Но позвольте, атаман, уточнить вашу интерпретацию этого слова, — вступил в разговор Адвокат. — Понятие «Сверхчеловек» идет аж из прошлых веков, от средневековых немецких богословов. У них заимствовал его Фридрих Ницше. А затем воскресили наци. Для Сверхчеловека превыше всего собственное «я», презрение к подчинению общественным целям, как бы заманчивы они ни были.

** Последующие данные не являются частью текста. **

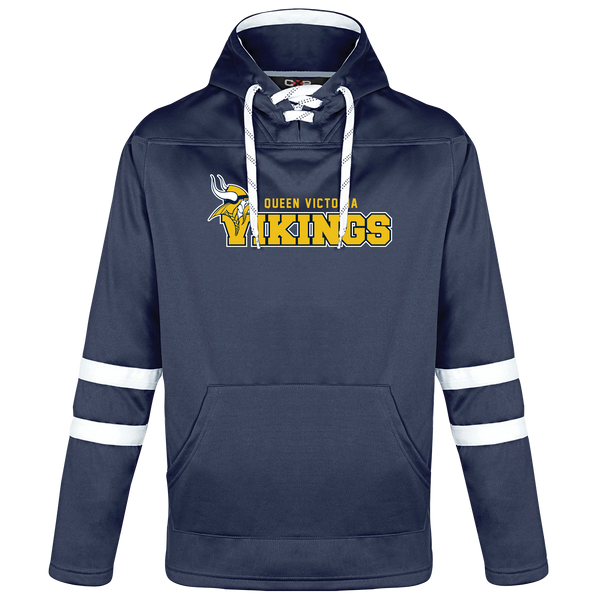 Queen Victoria Adult Pullover Hockey Lace Hooded Sweatshirt with Printed Logo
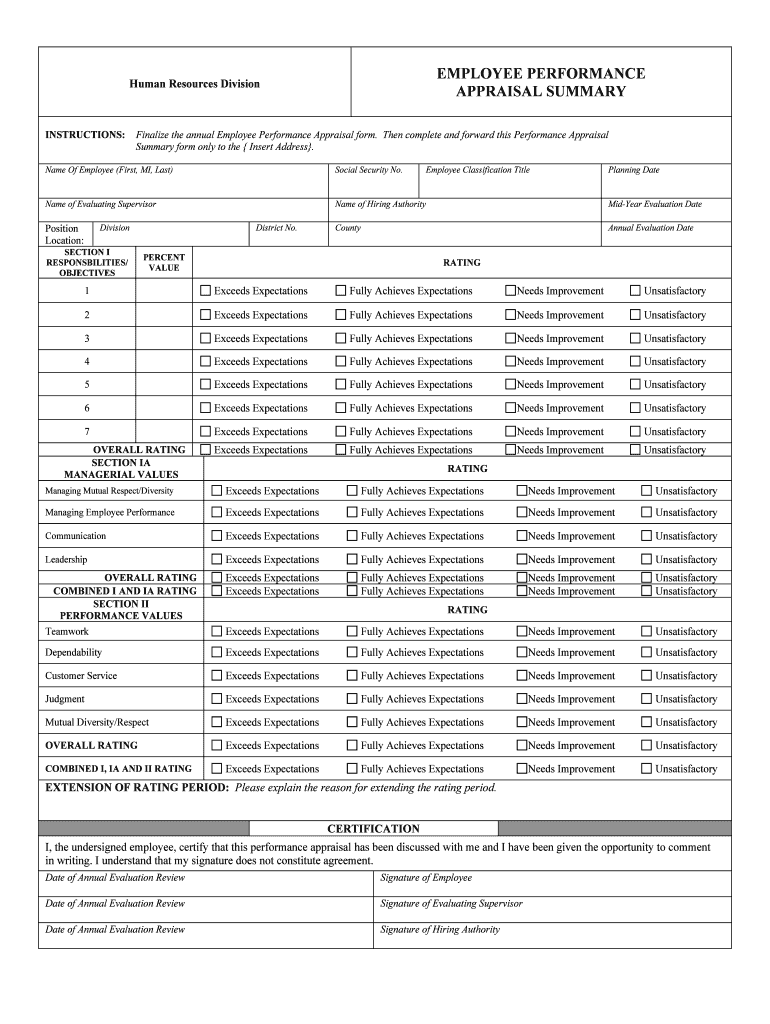 Employee Performance Appraisal Form Epa 3 WV Division of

— Я преклоняюсь перед твоей ученостью, Адвокат, — произнес Краковский иронически и продолжал: — На нашем пути, господа, возник этот лейтенантишко Буслаев. Вопрос стоит так: кто кого? Мы должны уничтожить его. Но сначала захватить и живехонького повозить по селениям, как когда-то в клетке возили бунтаря Емельку Пугачева. Это будет отвечать тому, зачем мы здесь оставлены: держать в страхе население, срывать старания большевиков восстановить разрушенное войной хозяйство, нормализовать жизнь. И хватит разглагольствовать! Не так страшен черт, как его малюют! Болтунов я не терплю. Я их презираю!
— Буслаев, конечно, лейтенантишко. Но за ним — войско, осодмил, власти стоят, — пробурчал Служивый, но Краковским он услышан не был.
Неугомонный вдруг вскочил с чурбака, стал в карманах своих рыться, заглянул за ящик с гранатами, за нары. Ничего не обнаружив, подлетел к адъютанту, схватил за грудки.
— Сволочь! — закричал он.
— Рехнулся, что ли? — опешил Философ.
— Отдай часы, мародер проклятый!
— Какие часы? Бог с тобой, опомнись! Аллаха своего побойся!
— Аллаха не трогай! Ты украл их у меня! Или часы, или пристрелю как собаку шелудивую!
Адъютант вырвался и ударил его так, что тот отлетел к двери, чуть не вылетев наружу.
— Кончай базар! — гаркнул Краковский.